───── Data for this task ─────

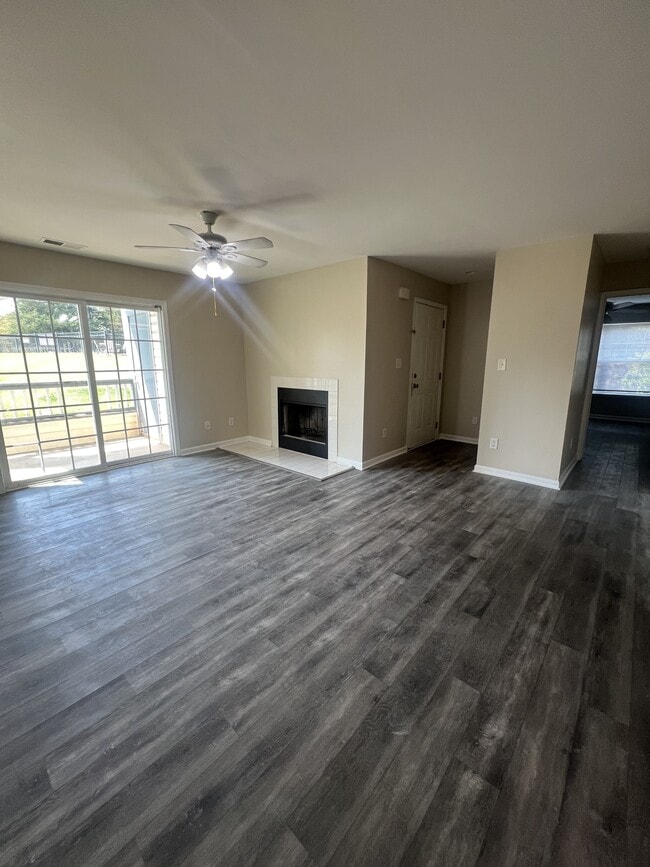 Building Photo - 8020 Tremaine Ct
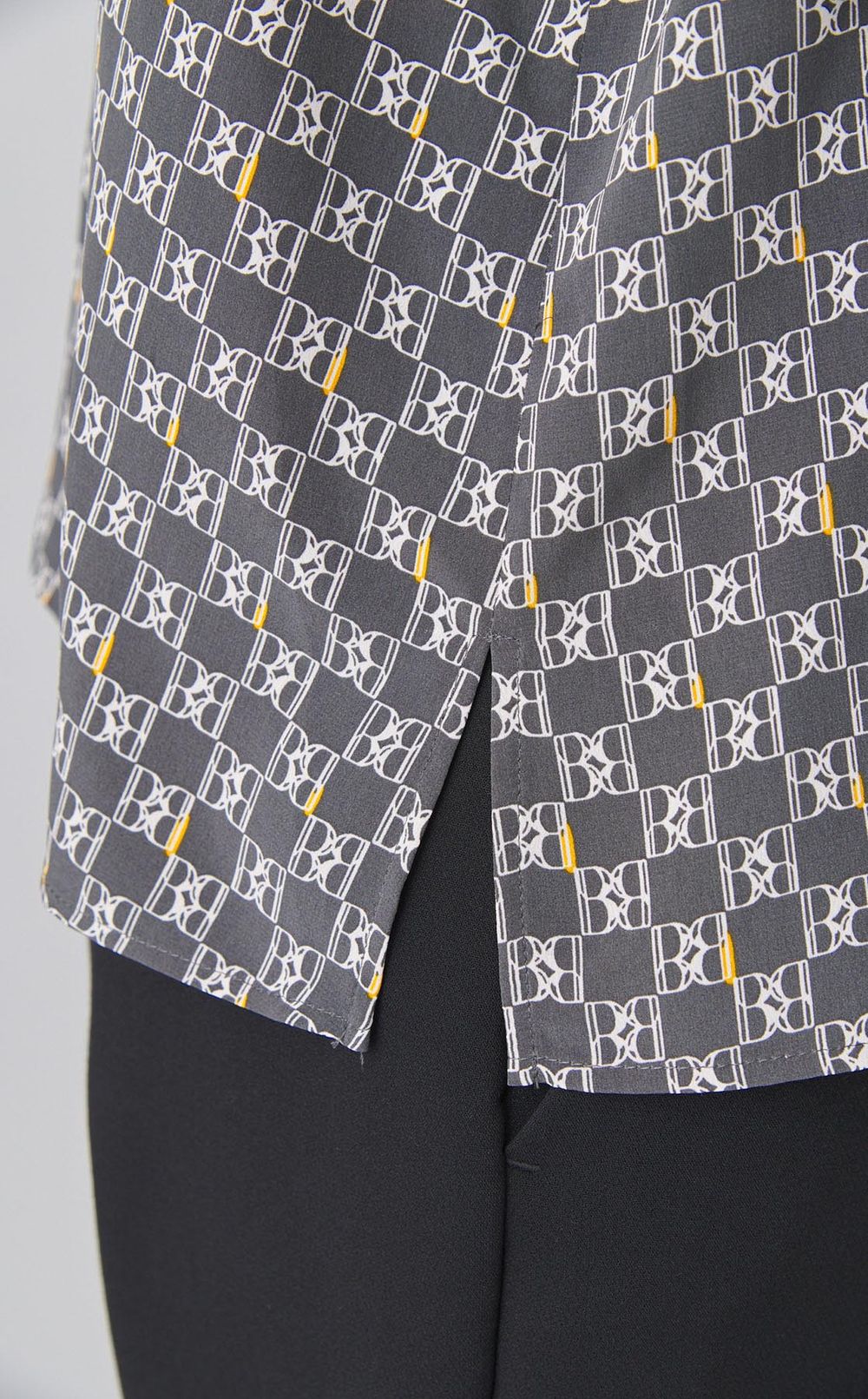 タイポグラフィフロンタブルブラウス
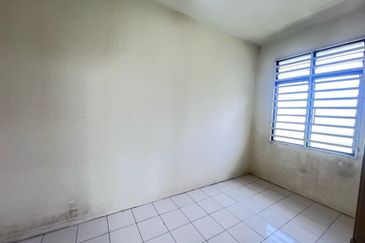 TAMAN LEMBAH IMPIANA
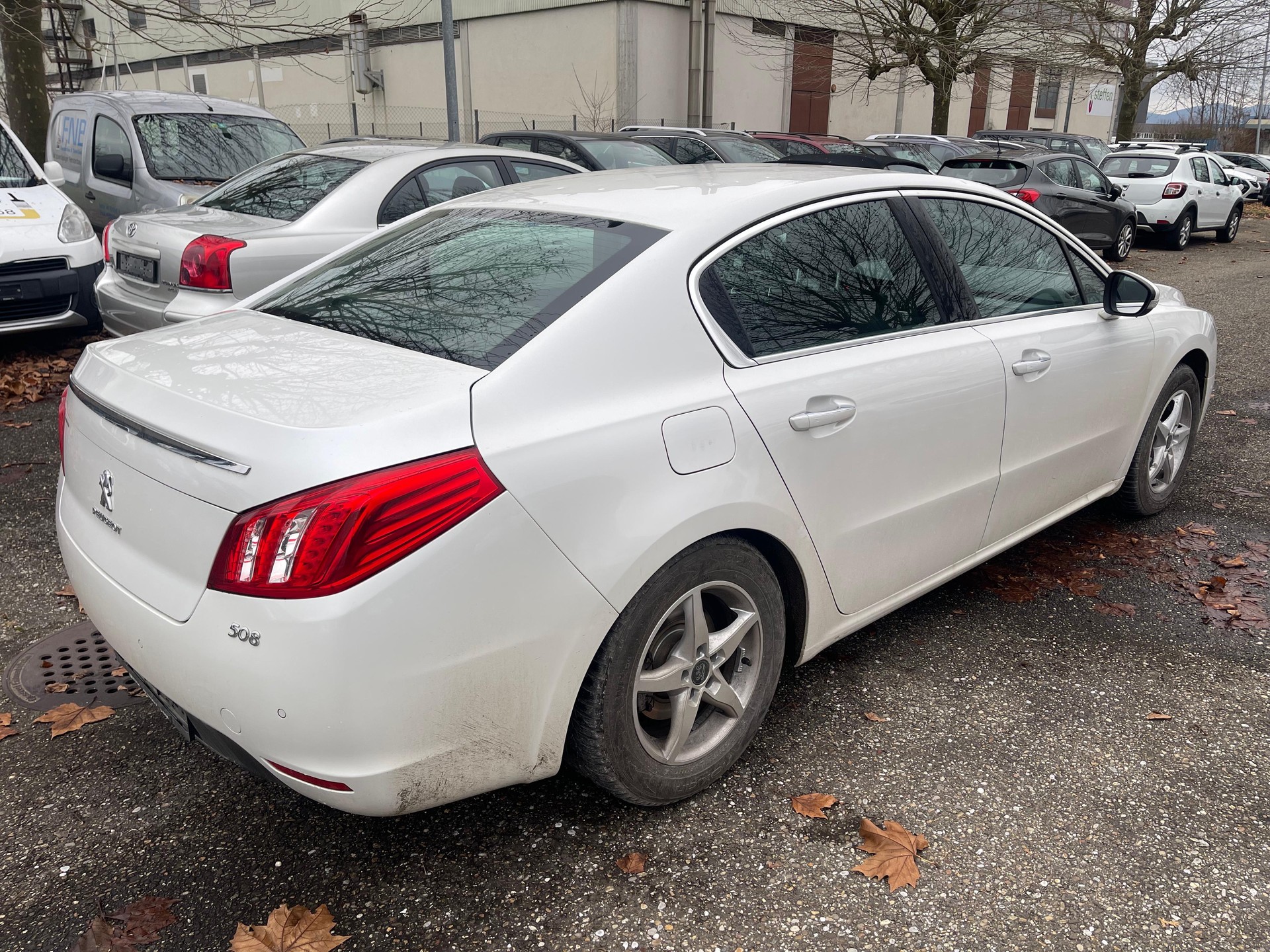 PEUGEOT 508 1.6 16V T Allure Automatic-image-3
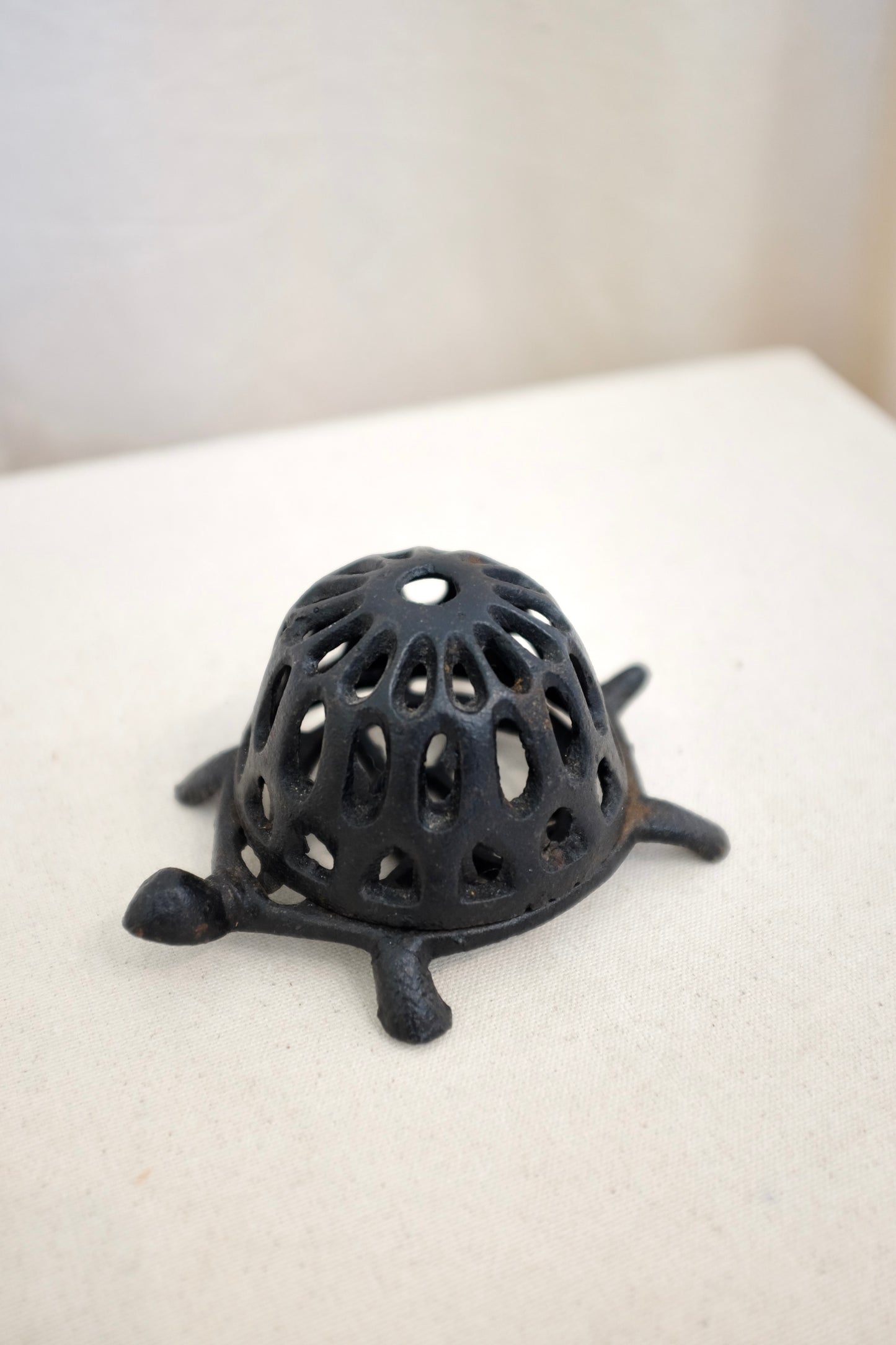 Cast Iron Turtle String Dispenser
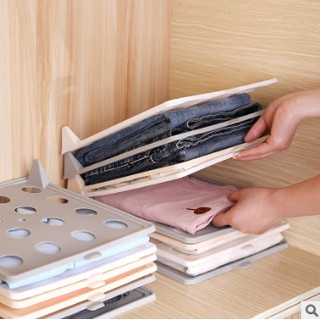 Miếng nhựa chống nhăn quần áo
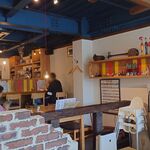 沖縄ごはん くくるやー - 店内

─────
───── Data for this task ─────

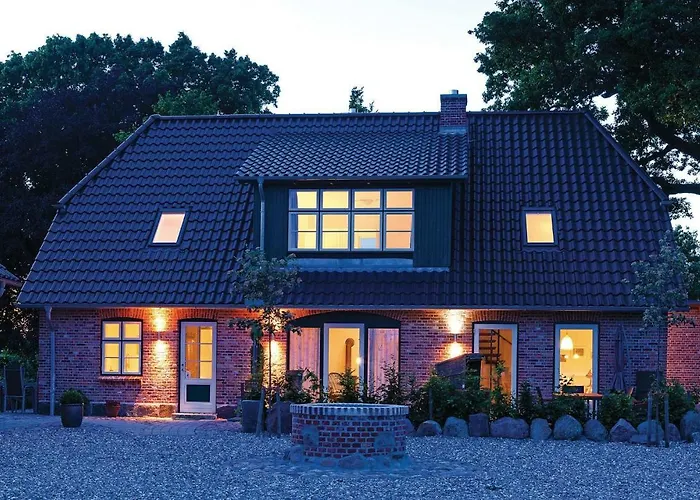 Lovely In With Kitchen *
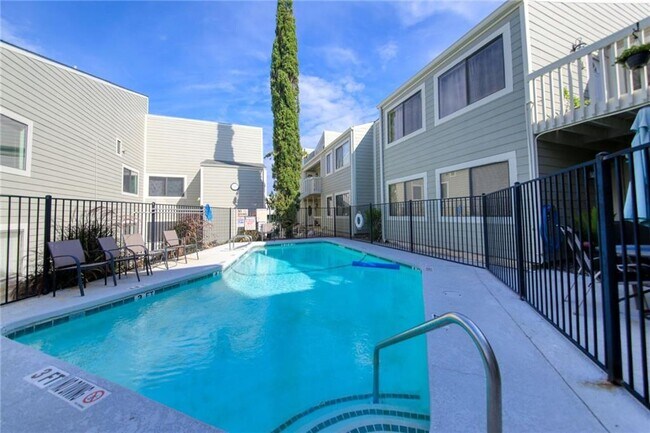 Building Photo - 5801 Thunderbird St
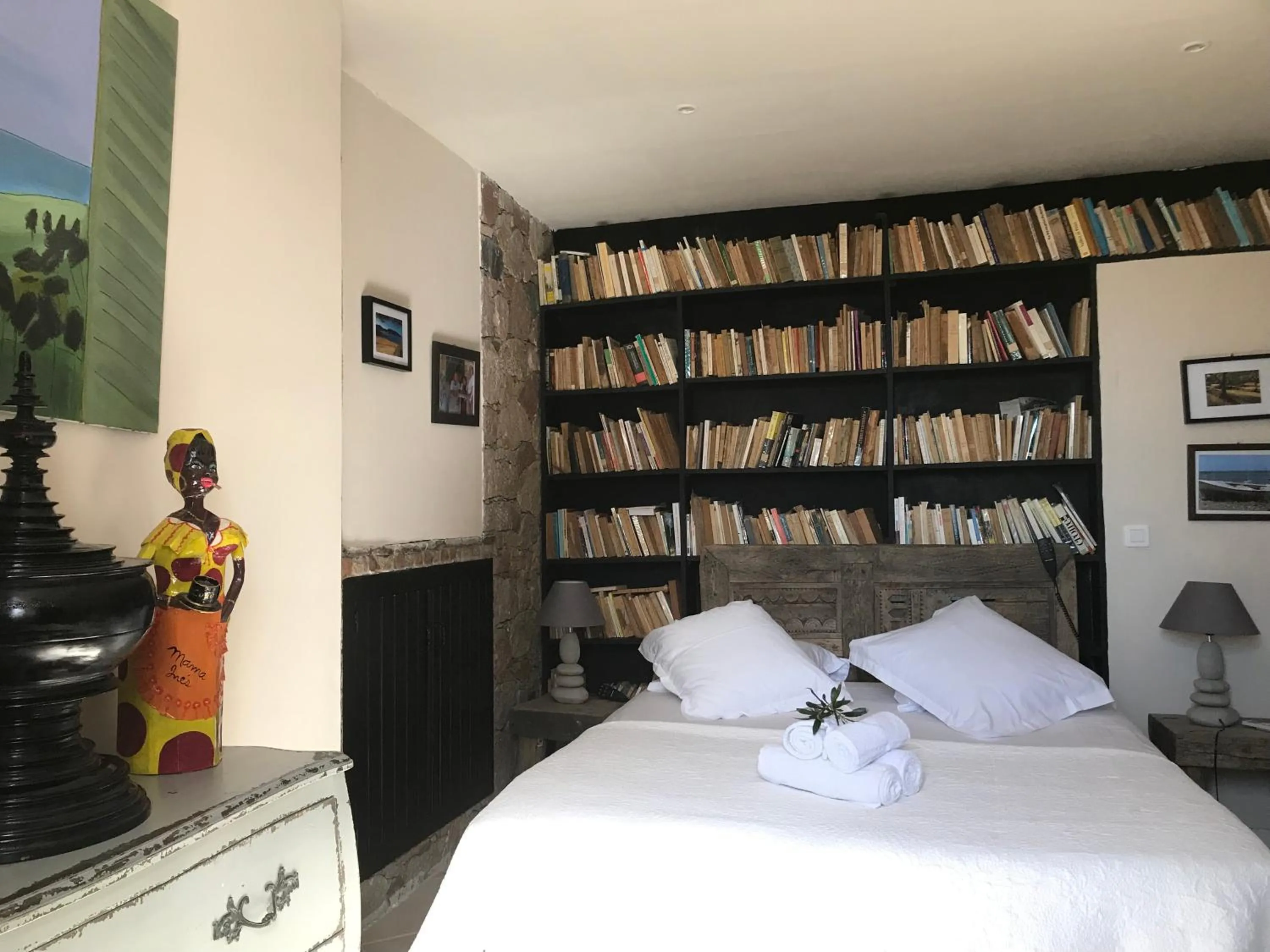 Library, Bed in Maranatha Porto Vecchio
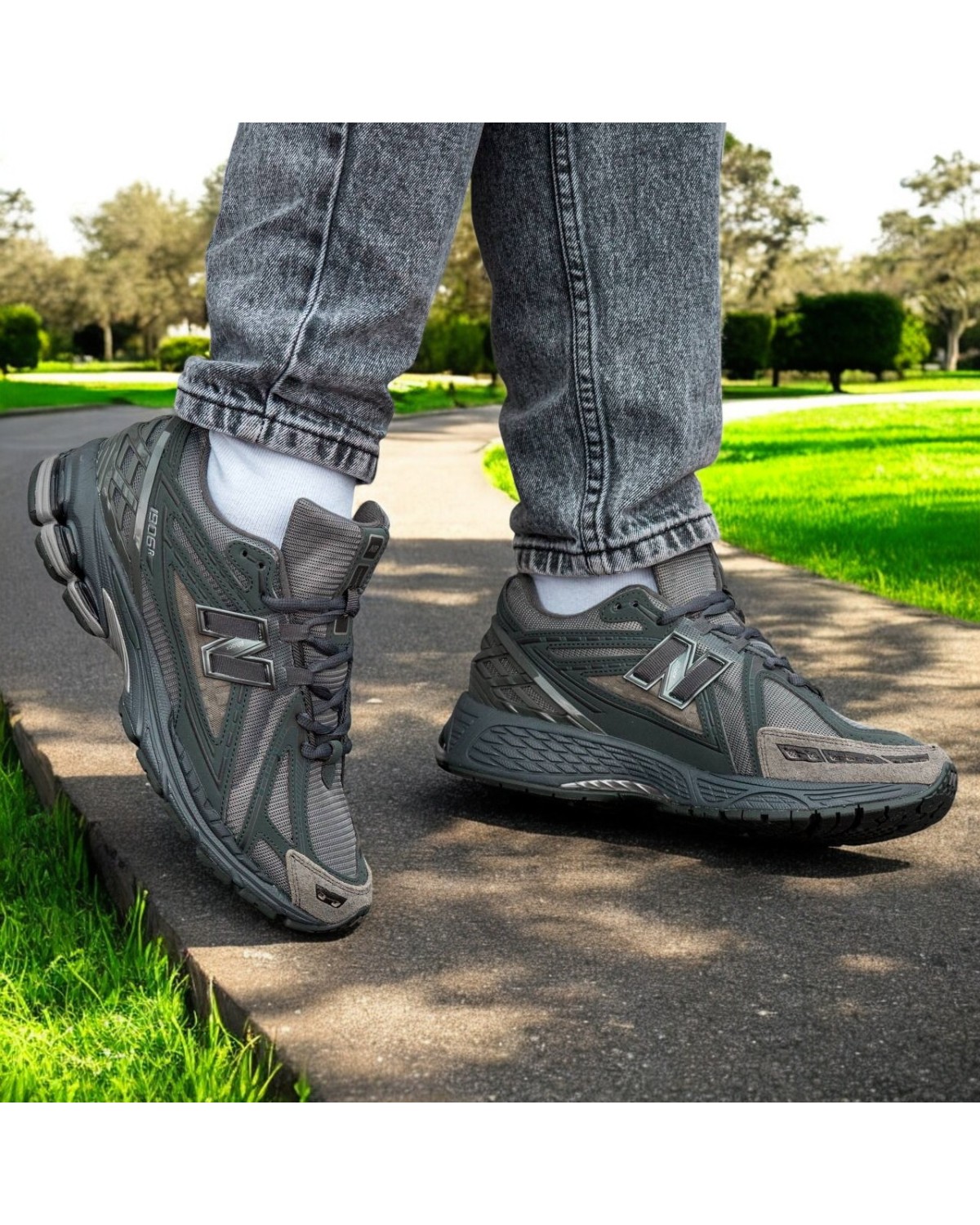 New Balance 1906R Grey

─────

= Instructions to follow =
Look through the material above. Transcribe exactly the lines between the ones with "Building Photo - 8020 Tremaine Ct" and "沖縄ごはん くくるやー - 店内", inclusive, and keep pictures out.

= Exercise solution =
 Building Photo - 8020 Tremaine Ct
 タイポグラフィフロンタブルブラウス
 TAMAN LEMBAH IMPIANA
 PEUGEOT 508 1.6 16V T Allure Automatic-image-3
 Cast Iron Turtle String Dispenser
 Miếng nhựa chống nhăn quần áo
 沖縄ごはん くくるやー - 店内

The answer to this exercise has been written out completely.